It’s a strange thing, an awful and strange thing, to lose a close friend or a best friend. You feel unmoored, adrift and at the mercy of the uncertain water and weather. You are, in a sense, drifting alone again in the mass ocean. It is unnerving to say the least.
And we lose our best/close for a variety of reasons, from a falling out to death. At least with a falling out you stand a chance of making amends, provided you didn’t create too big of a rift that it simply cannot be bridged. Death is a bit more, well, final isn’t it?
I’ve lost best/close friends because of distance, life changes, screw-ups on my part and unfortunately deaths as well. Some of the losses have been all my own doing, some of them have been mutual and just couldn’t be helped. Some I could see coming from miles off in the distance and others took me completely by surprise.
Regardless of the circumstances, I’ve always felt lost, confused and as though part of me is missing when this happens. It is as if something has been amputated from my body when in fact instead it has been carved out of my heart.
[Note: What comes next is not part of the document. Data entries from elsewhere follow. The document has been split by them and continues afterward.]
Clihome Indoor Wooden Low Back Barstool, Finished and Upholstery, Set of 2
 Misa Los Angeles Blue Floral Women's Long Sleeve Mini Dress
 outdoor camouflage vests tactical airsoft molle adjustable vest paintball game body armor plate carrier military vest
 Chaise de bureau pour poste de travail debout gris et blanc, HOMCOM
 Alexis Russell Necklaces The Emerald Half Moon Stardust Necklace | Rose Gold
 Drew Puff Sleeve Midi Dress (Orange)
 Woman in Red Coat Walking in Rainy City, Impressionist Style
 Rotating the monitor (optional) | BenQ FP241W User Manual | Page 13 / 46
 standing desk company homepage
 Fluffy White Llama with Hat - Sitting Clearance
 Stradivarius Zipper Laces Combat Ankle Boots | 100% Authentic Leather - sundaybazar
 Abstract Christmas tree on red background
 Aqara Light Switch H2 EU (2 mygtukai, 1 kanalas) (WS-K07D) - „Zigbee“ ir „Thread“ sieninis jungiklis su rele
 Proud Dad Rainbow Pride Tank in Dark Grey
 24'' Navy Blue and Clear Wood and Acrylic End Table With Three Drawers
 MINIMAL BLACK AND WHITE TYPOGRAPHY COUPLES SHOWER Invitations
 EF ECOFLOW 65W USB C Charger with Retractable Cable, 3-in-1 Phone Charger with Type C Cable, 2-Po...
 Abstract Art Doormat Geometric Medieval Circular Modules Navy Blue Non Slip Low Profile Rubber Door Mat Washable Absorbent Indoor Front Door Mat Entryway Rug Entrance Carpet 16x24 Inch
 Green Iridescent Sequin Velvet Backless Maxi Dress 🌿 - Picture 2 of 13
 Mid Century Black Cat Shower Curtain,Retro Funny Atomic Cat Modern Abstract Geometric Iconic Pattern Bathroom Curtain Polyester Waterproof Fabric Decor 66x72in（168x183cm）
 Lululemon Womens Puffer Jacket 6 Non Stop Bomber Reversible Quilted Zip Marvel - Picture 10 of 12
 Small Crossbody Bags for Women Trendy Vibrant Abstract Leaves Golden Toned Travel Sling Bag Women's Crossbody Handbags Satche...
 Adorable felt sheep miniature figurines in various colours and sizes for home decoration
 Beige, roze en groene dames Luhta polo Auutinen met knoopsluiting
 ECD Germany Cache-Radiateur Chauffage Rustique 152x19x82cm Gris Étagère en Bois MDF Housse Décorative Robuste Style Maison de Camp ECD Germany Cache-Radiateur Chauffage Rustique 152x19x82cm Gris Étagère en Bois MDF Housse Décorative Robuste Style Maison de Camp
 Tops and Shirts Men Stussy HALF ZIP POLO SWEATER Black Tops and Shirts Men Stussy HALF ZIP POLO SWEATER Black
I mourn the losses, cherish the memories and try to not make ghe same mistakes or hurts again.
Ive also always been wary of calls late at night or early in the morning because they never come with goodness. I’ve never been afraid of calls at two-thirty in the afternoon before. But there is a first time for everything I guess and this is it.
Beloved hasn’t been well, he had some type of an accident while in France. His friend phoned me from France this afternoon to tell me that something had happened, Beloved was taken to the hospital and everything is touch and go.
This is the loss I cannot think of, I cannot face. To lose him is to lose my very best friend in the whole world, well I cannot fathom life without my compass and biggest anchor. Thankfully I don’t have to face that today.